Es posible apreciar la belleza de este puente atravesado por los rayos del sol extinguiéndose en el ocaso para darle paso a la noche iluminada por sus luces, sin embargo es más fácil observar esta belleza cotidiana fuera del puente que dentro de él por dos simples razones: la primera se debe a que el área que rodea al viaducto es lo que habitualmente se conoce como zona roja, por lo que entrando la noche la inseguridad es fácilmente perceptible y la segunda, un poco más compleja, se debe a que la estructura misma del puente: las rejas y mallas dispuestas a cada lado para contener la crisis que es más humana y social que individual, rompen la entrada de la luz de la tarde, haciendo del espectáculo crepuscular algo fragmentario.
De tal manera que para poder contemplar como es debido la extinción del día y el comienzo de la noche, y por qué no, la aparición de otras estrellas y cuerpos celestes, es necesario vencer el miedo al hampa, o no tener que perder por cuenta de algún encuentro inesperado, y más importante aún: superar uno a uno los obstáculos puestos entre el ser humano y el ocaso.
Es común oír de historias heroicas o trágicas (según el punto de vista) de personas que superan las barreras arquitectónicas, sociales, éticas y morales y ponen en la puesta de sol su ritual de despedida.
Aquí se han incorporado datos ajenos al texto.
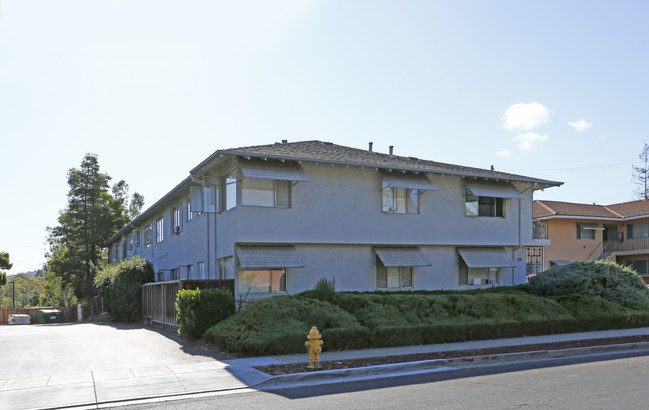 218 Avery in Los Gatos, CA - Building Photo - Building Photo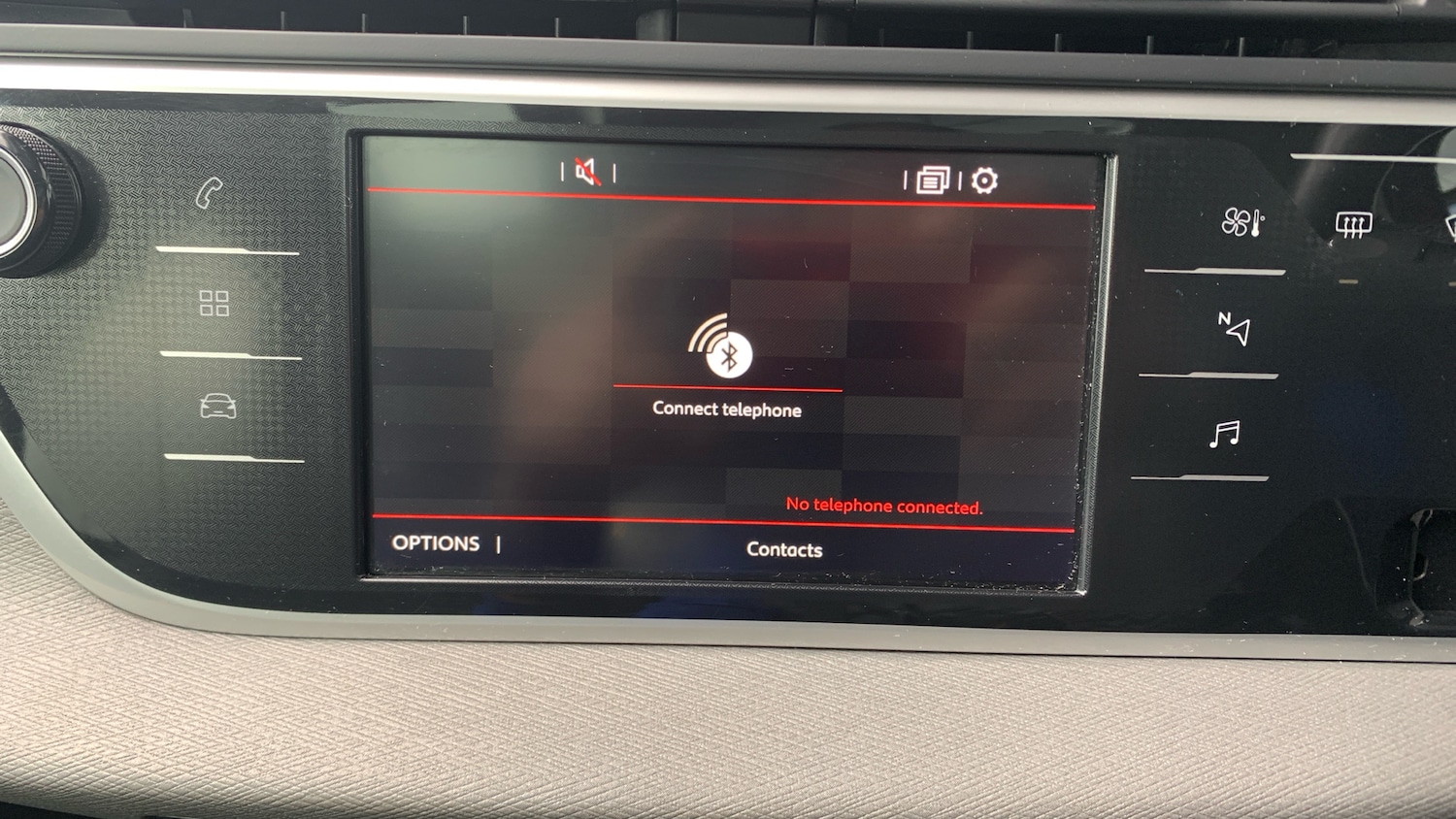 Used Citroen C4 Grand Picasso 2021 for sale - 76586375: Photo 31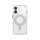 Etui / obudowa na smartfona Skinarma Saido Mag-charge do iPhone 17 clear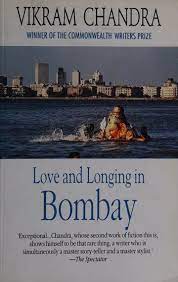 Love and longing in Bombay : stories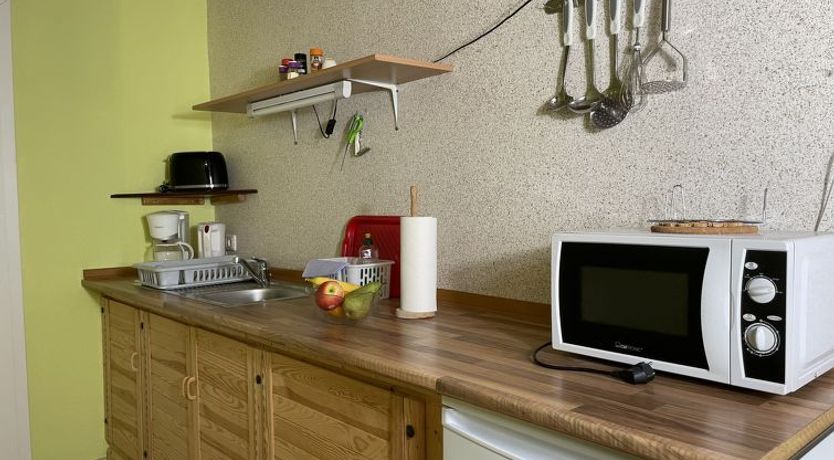 Photo of Old Hüsung (MUZ325) Apartment 6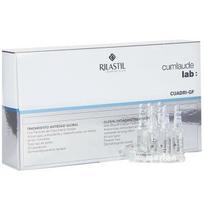 Rilastil Cuadri Gf Global Antiaging Treatment 30x1.5ml white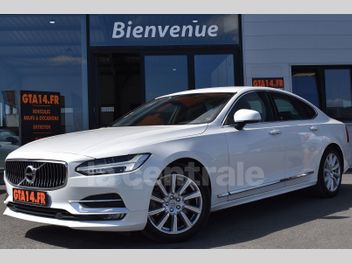 VOLVO S90 (2E GENERATION) II T4 190 INSCRIPTION GEARTRONIC 8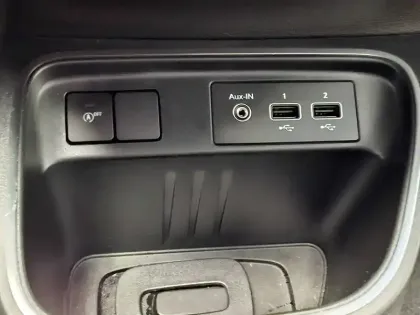 Photo 41 Renault Twingo  III SCe 65 - 21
Ciertamente, no todos terminan al ocaso, como siempre, hay quienes prefieren el silencio del alba o de la medianoche, o el ruido canicular del meridiano, es cuestión, creo yo, de gustos. Una mirada al horizonte, a la ciudad apagada y un salto al vacío para terminar en un golpe seco contra la roca del río que lleva la historia de todos quienes lo habitan a través de su excremento.
No obstante, en un día caluroso del primero de febrero, un hombre más decidió sortear todos los escollos y salir a su encuentro con el sol, pero esta vez, rompiendo con toda etiqueta: sin irse en picada contra la piedra y el río como se hace habitualmente. Don Fabio llevó una soga, la usó de corbata para la ocasión bien ceñida al cuello, dio un paso al frente y, en medio de cientos de espectadores, demostró unos últimos espasmos corporales hasta quedar solo a la merced del viento, extinto junto con la tarde que se encontraba próxima.
Sobre la muerte de este hombre de nombre Fabio Usma hubo varias versiones, dejó una carta de despedida y muchas deudas, la carta no se conoce, aunque suele pasar que leerla genera más incertidumbres que certezas. Al principio se difundió la noticia de que era un pobre vendedor de aguacates acosado por espacio público, versión desmentida más tarde. Cabe resaltar algo del aguacate, esa planta milenaria de los pueblos de América, considerada el nuevo oro verde que parece ser oro solo para los que ya oro poseen, y cuya etimología se les antoja incómoda a muchos, viene del nahuatl: ahuacatl = testículo.
Habrá variadas elucubraciones sobre don Fabio y su muerte, desde las interpretaciones patológicas y psicoanalíticas, que buscarán el fin en una infancia atribulada por las carencias paternas, hasta las políticas, sociales, económicas y teológicas, que hablarán de la ausencia por cuenta del modelo neoliberal capitalista individualizante o del abandono de dios; pero, al menos yo, creo firmemente que don Fabio solo quería mirar de cerca al ocaso.